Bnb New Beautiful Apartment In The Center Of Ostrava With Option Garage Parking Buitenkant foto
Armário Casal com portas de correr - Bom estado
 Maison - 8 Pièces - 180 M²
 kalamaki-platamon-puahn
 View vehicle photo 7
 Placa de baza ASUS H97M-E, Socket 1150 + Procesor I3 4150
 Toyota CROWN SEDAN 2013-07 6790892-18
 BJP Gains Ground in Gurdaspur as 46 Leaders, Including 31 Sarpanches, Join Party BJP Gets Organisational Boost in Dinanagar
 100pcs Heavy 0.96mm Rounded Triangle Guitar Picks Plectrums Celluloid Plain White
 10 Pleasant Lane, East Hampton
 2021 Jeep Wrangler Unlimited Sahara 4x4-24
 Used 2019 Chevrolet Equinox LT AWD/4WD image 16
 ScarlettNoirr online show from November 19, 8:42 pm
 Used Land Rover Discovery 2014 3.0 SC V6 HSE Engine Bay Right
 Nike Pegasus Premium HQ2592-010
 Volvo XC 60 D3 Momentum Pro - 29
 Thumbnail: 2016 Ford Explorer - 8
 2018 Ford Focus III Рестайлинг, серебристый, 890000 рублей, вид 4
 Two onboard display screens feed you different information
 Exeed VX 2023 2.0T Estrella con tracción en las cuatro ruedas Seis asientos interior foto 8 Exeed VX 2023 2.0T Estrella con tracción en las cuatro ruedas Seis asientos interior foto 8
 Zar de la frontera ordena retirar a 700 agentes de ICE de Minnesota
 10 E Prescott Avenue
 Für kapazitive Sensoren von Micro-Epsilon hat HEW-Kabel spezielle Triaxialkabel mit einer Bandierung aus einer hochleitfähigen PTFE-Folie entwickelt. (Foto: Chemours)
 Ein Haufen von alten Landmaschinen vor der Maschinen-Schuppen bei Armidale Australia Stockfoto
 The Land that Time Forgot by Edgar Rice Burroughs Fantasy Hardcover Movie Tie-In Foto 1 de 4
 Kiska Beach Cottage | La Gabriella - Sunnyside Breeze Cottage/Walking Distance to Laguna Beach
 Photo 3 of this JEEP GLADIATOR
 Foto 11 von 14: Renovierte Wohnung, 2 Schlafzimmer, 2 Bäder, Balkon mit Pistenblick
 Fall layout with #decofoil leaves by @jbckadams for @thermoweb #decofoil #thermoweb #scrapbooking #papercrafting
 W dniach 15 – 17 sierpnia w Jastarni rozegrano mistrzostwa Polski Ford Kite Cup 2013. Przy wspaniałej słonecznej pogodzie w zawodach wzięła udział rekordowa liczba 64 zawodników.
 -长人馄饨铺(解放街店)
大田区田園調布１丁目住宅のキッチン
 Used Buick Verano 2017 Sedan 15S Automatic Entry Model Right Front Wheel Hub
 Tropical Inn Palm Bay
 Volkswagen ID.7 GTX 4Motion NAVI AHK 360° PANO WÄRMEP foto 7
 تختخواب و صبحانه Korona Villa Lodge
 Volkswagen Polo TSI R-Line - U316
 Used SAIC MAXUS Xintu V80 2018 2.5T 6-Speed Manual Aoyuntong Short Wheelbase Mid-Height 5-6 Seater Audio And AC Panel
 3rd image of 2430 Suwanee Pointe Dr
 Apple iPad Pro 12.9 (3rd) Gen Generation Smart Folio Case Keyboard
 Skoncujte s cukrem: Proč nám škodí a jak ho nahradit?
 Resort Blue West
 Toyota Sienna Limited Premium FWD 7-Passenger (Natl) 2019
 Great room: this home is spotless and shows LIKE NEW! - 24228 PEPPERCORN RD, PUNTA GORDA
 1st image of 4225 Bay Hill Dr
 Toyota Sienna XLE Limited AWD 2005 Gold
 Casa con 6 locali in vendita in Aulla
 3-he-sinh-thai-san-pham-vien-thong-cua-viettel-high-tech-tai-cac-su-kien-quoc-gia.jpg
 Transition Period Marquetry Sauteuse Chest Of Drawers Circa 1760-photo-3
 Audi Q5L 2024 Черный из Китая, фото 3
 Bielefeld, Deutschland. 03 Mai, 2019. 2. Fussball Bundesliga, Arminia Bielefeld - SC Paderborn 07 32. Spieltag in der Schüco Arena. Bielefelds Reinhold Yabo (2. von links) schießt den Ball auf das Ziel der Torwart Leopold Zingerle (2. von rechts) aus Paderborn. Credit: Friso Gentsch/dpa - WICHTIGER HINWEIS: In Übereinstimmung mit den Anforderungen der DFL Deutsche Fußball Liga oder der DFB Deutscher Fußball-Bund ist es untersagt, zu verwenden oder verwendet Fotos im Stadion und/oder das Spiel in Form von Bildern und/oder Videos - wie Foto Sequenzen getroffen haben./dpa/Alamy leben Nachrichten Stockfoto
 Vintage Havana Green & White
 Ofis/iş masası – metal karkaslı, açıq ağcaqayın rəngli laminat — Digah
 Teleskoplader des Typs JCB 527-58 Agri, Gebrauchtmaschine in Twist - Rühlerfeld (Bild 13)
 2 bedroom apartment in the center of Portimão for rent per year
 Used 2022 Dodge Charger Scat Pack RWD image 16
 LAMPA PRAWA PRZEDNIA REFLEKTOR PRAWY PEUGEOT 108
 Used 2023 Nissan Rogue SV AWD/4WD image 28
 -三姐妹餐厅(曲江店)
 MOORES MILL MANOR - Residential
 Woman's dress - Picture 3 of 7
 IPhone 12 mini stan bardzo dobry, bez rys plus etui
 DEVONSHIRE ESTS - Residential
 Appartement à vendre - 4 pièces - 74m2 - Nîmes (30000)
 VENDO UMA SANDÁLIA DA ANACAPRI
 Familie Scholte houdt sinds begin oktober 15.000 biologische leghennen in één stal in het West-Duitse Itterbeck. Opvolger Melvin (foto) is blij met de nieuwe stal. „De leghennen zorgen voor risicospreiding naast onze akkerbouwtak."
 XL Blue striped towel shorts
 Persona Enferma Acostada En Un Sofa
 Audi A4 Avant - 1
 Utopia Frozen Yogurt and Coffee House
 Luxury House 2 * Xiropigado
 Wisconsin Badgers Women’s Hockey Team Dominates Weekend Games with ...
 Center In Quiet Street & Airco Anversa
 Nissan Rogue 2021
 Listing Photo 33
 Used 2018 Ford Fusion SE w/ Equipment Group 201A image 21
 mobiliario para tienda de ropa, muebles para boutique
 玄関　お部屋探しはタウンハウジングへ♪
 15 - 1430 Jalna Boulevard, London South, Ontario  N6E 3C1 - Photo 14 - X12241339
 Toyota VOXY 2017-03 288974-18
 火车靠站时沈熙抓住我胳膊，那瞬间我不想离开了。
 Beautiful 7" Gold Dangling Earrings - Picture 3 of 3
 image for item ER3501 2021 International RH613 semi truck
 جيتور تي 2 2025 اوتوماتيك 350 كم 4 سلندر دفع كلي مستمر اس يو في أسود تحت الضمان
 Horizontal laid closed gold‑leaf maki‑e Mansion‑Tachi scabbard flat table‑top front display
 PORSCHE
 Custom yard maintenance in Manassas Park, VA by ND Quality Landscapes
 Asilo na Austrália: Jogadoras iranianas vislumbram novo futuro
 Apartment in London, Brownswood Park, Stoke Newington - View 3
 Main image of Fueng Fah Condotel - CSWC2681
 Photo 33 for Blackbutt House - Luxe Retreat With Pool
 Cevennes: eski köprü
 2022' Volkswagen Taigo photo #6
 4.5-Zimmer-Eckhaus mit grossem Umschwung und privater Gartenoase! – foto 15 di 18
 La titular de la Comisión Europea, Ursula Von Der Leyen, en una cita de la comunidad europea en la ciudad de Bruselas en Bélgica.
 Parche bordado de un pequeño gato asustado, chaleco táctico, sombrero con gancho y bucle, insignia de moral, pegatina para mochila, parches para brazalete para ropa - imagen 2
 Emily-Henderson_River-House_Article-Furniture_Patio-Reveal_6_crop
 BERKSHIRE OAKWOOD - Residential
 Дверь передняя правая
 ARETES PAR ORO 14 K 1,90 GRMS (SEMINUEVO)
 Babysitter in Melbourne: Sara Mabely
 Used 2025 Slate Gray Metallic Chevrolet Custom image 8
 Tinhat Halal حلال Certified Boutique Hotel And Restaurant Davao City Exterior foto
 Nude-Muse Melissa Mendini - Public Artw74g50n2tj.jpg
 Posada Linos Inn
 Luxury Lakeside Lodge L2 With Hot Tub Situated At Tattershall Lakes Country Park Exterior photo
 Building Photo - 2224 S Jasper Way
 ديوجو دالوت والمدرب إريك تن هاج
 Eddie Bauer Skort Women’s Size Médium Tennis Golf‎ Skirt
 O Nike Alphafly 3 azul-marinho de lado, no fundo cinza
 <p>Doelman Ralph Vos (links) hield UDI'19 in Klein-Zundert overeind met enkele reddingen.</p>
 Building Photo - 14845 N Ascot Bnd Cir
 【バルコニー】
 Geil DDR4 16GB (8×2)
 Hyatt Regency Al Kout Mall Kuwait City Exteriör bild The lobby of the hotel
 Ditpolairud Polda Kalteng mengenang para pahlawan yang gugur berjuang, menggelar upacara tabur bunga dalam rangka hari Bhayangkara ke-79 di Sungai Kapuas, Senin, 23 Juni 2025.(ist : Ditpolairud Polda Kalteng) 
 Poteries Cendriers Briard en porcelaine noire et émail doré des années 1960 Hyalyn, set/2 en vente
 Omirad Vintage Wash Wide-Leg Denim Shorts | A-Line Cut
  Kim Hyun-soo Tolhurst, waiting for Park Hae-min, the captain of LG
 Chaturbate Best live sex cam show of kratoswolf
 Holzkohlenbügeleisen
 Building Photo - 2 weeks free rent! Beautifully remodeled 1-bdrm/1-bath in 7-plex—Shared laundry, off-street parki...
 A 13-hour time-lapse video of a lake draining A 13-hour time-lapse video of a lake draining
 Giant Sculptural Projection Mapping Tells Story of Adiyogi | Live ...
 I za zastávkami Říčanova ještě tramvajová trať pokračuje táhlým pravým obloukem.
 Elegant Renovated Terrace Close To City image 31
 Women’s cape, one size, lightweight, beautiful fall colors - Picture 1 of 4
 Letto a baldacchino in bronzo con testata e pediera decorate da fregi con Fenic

══════════════════════════════

Exercise directions - Retrieve each line from the records above where the word "Vintage" occurs.

Exercise solution -
 Vintage Havana Green & White
 Omirad Vintage Wash Wide-Leg Denim Shorts | A-Line Cut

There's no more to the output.